Gustavo provides a practical reminder on installing R libraries using the install.packages("lib name") syntax, a fundamental step for anyone venturing into the world of R programming.

Now, let's dissect the code snippets featured in the article:

  1. Creating a Dataset: The author initializes a data frame (df) with four columns (col1, col2, col3, col4) and populates it with numeric values. This dataset serves as the foundation for subsequent transformations.

  2. Mutate() Function: The article introduces the mutate() function, a pivotal tool from the dplyr package. This function allows users to add new variables while preserving existing ones. In the provided example, the mutate() function is used to calculate and append new columns to the dataset df.

  3. Adding Calculated Columns: With the mutate() function, the article demonstrates how to effortlessly compute and add new columns to the dataset. In this case, mean, standard deviation, and median of existing columns (col1, col2, col3) are computed and appended as new columns (mean_col1, std_col2, median_col3).

The presented code snippets offer a glimpse into the power and simplicity of R Language, especially when leveraged alongside the Tidyverse package. As an enthusiast and practitioner in the field, I wholeheartedly endorse the exploration of alternative tools like R for data manipulation and encourage fellow data enthusiasts to delve into the rich ecosystem it provides.

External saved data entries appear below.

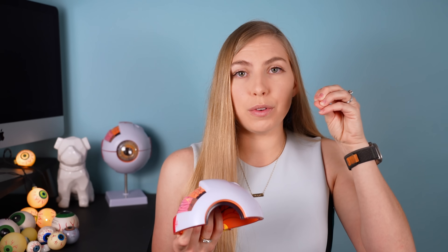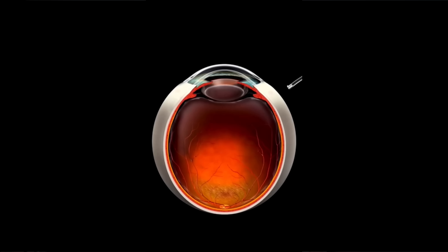Another option for those with robust floaters is a vitrectomy, where incisions are made in the sclera and micro instruments are used to surgically remove the vitreous gel and replace it with a clear solution. Because of the more invasive nature of this procedure, complications are more likely — such as retinal detachments, cystoid macular edema, or an epiretinal membrane — all of which can affect central vision. This makes it so important to have a frank discussion with your doctor about how bothersome the floaters are versus the risks of the procedure. It's not something to take lightly.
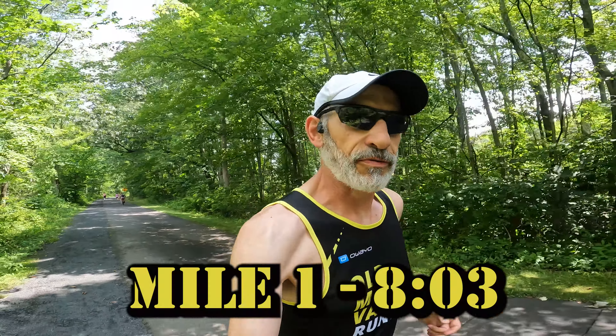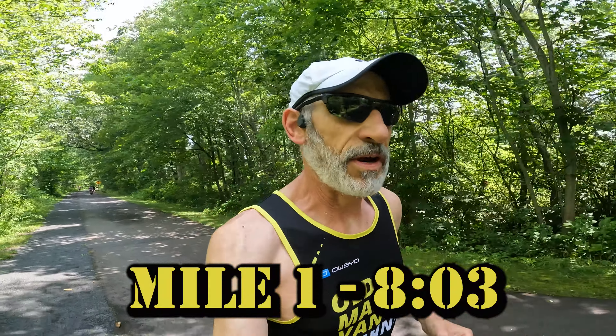Cranked out mile one at 8:03 on the six mile marathon pace run. I'm going to make sure I don't overcook it — it's very warm and humid out here. By the way, today I'm wearing the Brooks Hyperion Max. It's a good uptempo day shoe, feels plenty stable enough for this run. I like the turnover. I'll tell you how it works when I get done with this workout.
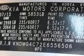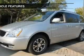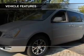Premium wheels lend a distinctive appearance. Anti-lock brakes help you bring your vehicle to a safe stop. Plus, enjoy these notable features that are included in this vehicle.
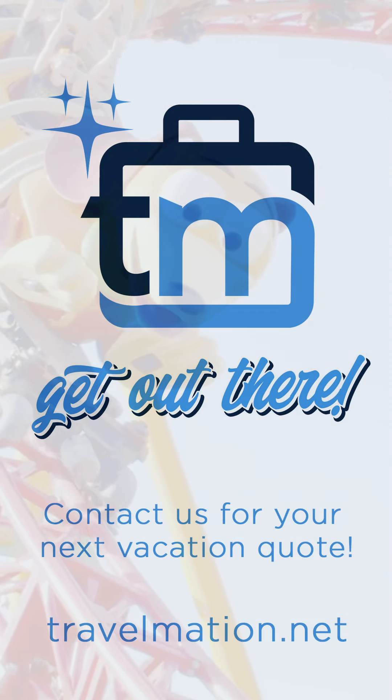And remember, when you're on vacation, be sure to tag us on Facebook and Instagram — we would love to see all the fun that you're having. And on behalf of Travelmation, be sure to get out there.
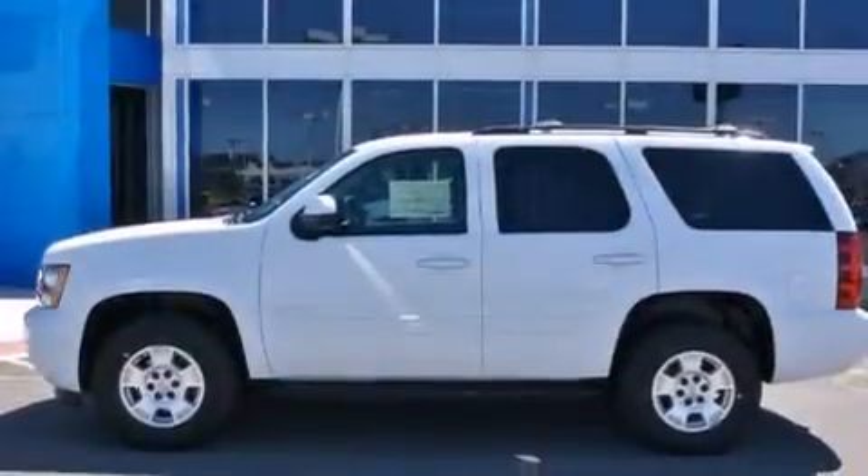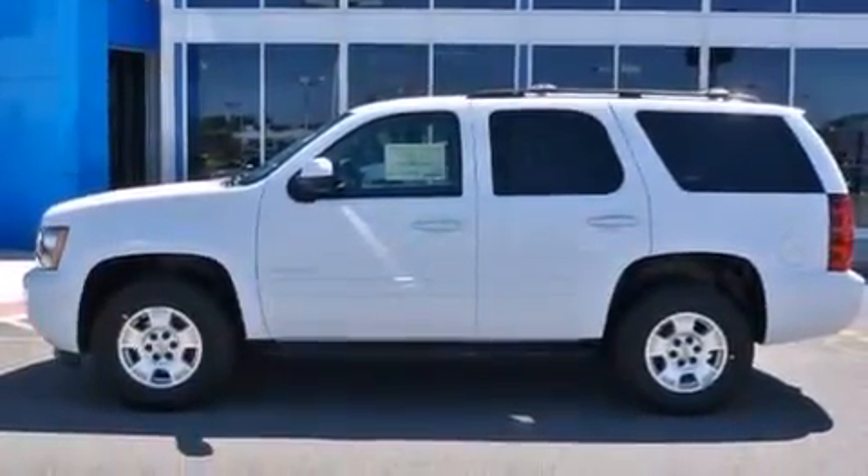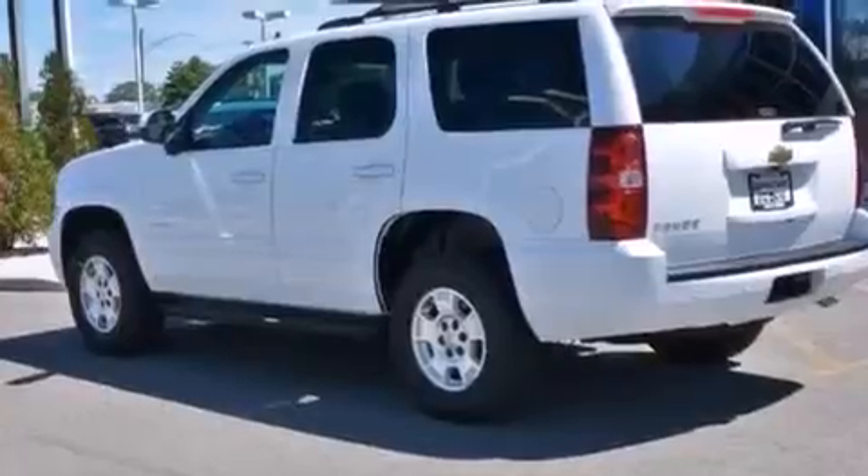This is a brand new 2014 Chevrolet Tahoe, a big SUV for big fun. It has a 5.3-liter 8-cylinder engine and an automatic transmission.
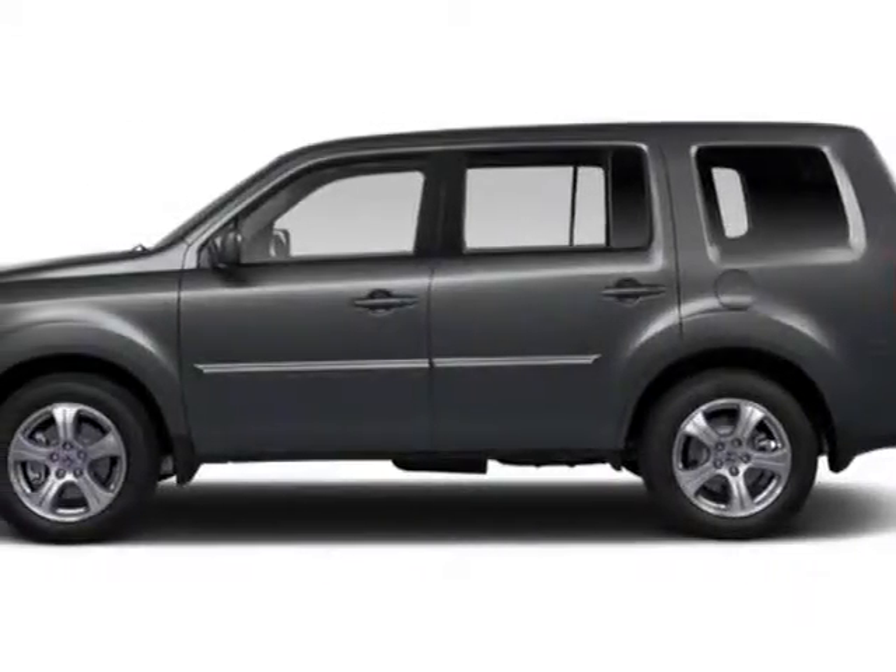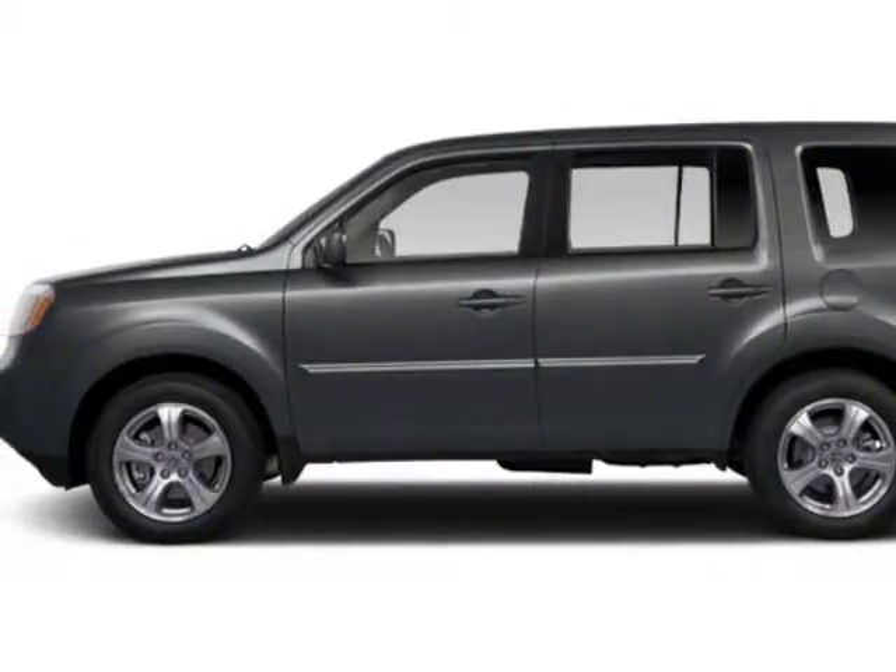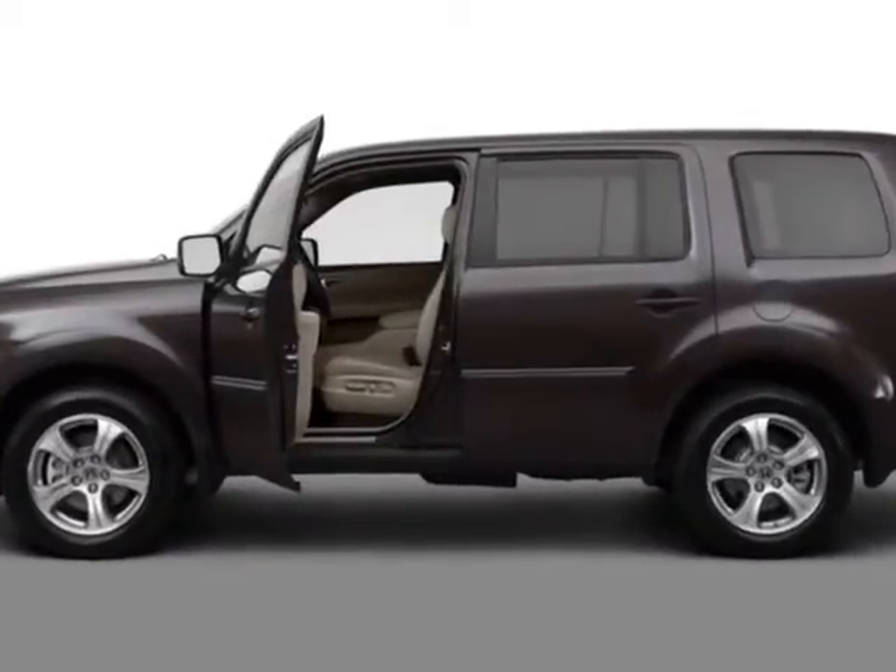Look at this new 2012 Honda Pilot. For your protection, this vehicle has a full factory warranty.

The Power of mutate( ) for Data Wrangling in R (2024)
Top Articles
Latest Posts
Article information

Author: Foster Heidenreich CPA

Last Updated:

Views: 5665

Rating: 4.6 / 5 (76 voted)

Reviews: 91% of readers found this page helpful

Author information

Name: Foster Heidenreich CPA

Birthday: 1995-01-14

Address: 55021 Usha Garden, North Larisa, DE 19209

Phone: +6812240846623

Job: Corporate Healthcare Strategist

Hobby: Singing, Listening to music, Rafting, LARPing, Gardening, Quilting, Rappelling

Introduction: My name is Foster Heidenreich CPA, I am a delightful, quaint, glorious, quaint, faithful, enchanting, fine person who loves writing and wants to share my knowledge and understanding with you.